Drink the Water

May 12, 2008
Don’t drink the water. It’s one of those vacation half-jokes you hear when you’re thinking about visiting tropical resorts.

At least…it’s a joke to everyone but the business owners and other members of the community who rely on tourism for their livelihood.

When preparing for Y2K, Pinellas County Utilities (PCU) in Florida—which supplies fresh potable water and wastewater treatment to the area’s one million residents and estimated 4.2 million tourists each year—conducted an audit of its outdated SCADA system and found that it fell short in several areas. Excessive labor was required to monitor the process and the system needed constant maintenance and adjustments.

PCU also found it lacked efficient process and production reporting and analysis for its management, which could only review critical data at specific stations at the plant. It turned to Lake Forest, Calif.-based Wonderware for a solution that would help it accomplish these goals and help it continue to meet or surpass rigorous federal and state drinking water-quality regulations.

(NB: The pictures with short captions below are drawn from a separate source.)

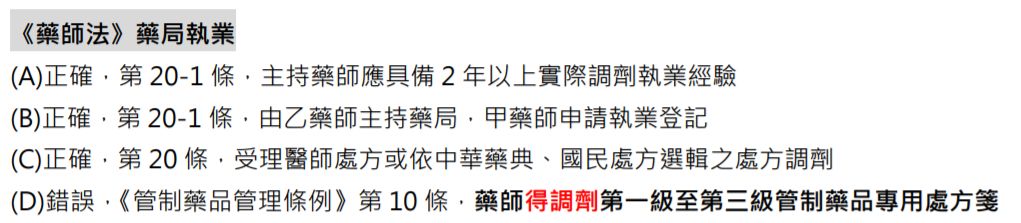 5e5e6424dc04d.jpg#s-1021,223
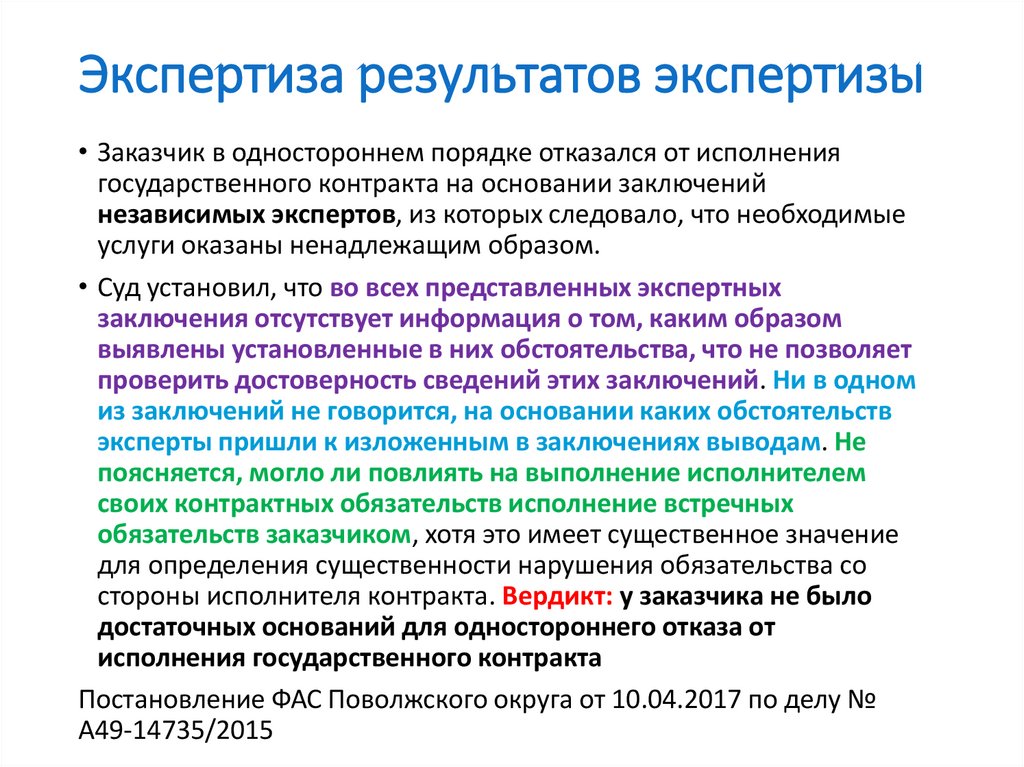 Результаты экспертизы навального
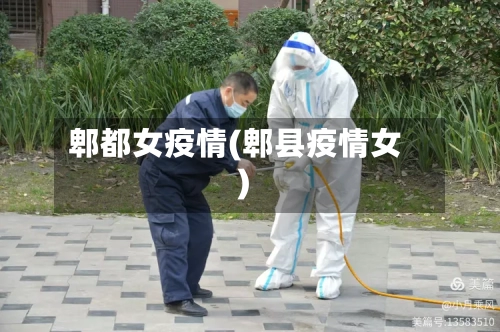 郫都女疫情(郫县疫情女)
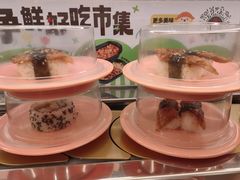 -争鲜回转寿司(太阳宫凯德PLUS店)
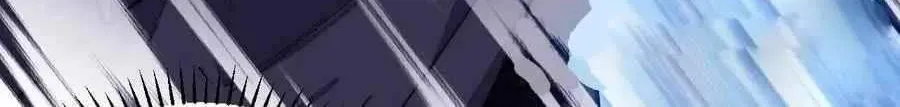 Read Start A Mountain chapter 78 image 16 on Lezhin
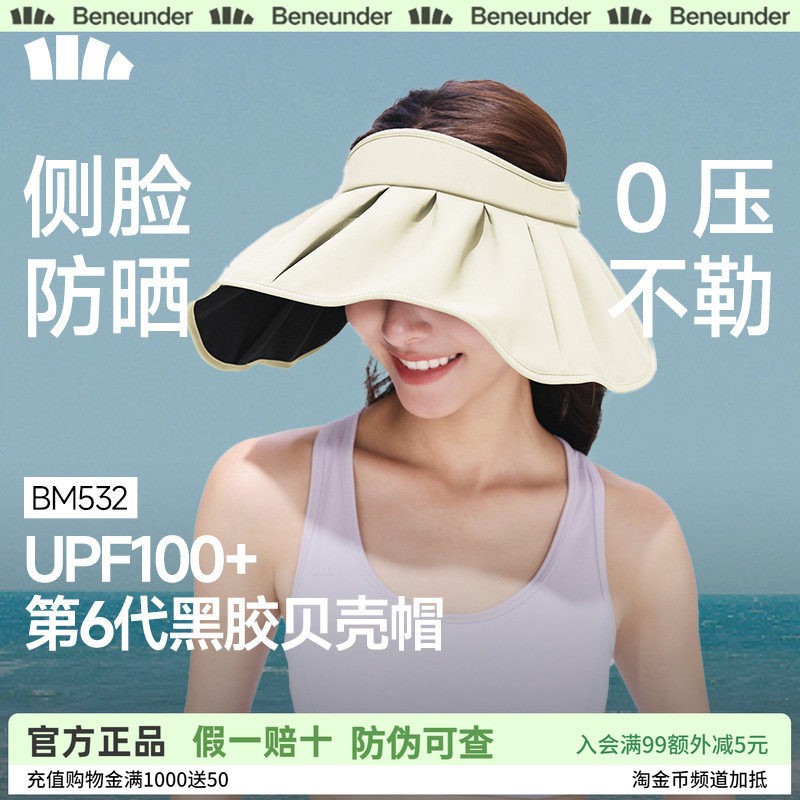 蕉下黑胶贝壳帽倍护空顶防晒全遮光显脸小女款大帽檐遮阳太阳帽子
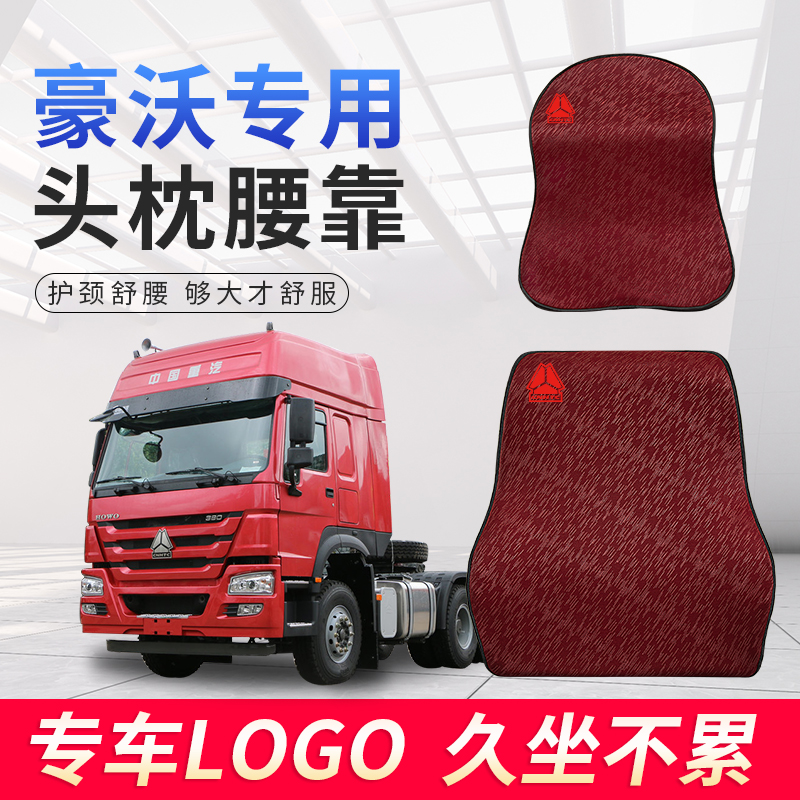 翰诺思四季通用记忆棉舒颈护腰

The reclaimed water operations at PCU utilize a four-step treatment and disinfection process. The first step eliminates large solid material. Next, microorganisms break down smaller solids. This is followed by removing fine suspended particles and the final step adds chlorine to eliminate disease-causing organisms. Wastewater takes 10-12 days to be treated and, on average, four houses of wastewater are needed to supply one house with reclaimed water. PCU supplies an average of 66 million gallons of drinking water and treats 30 million gallons of wastewater at its facilities every day.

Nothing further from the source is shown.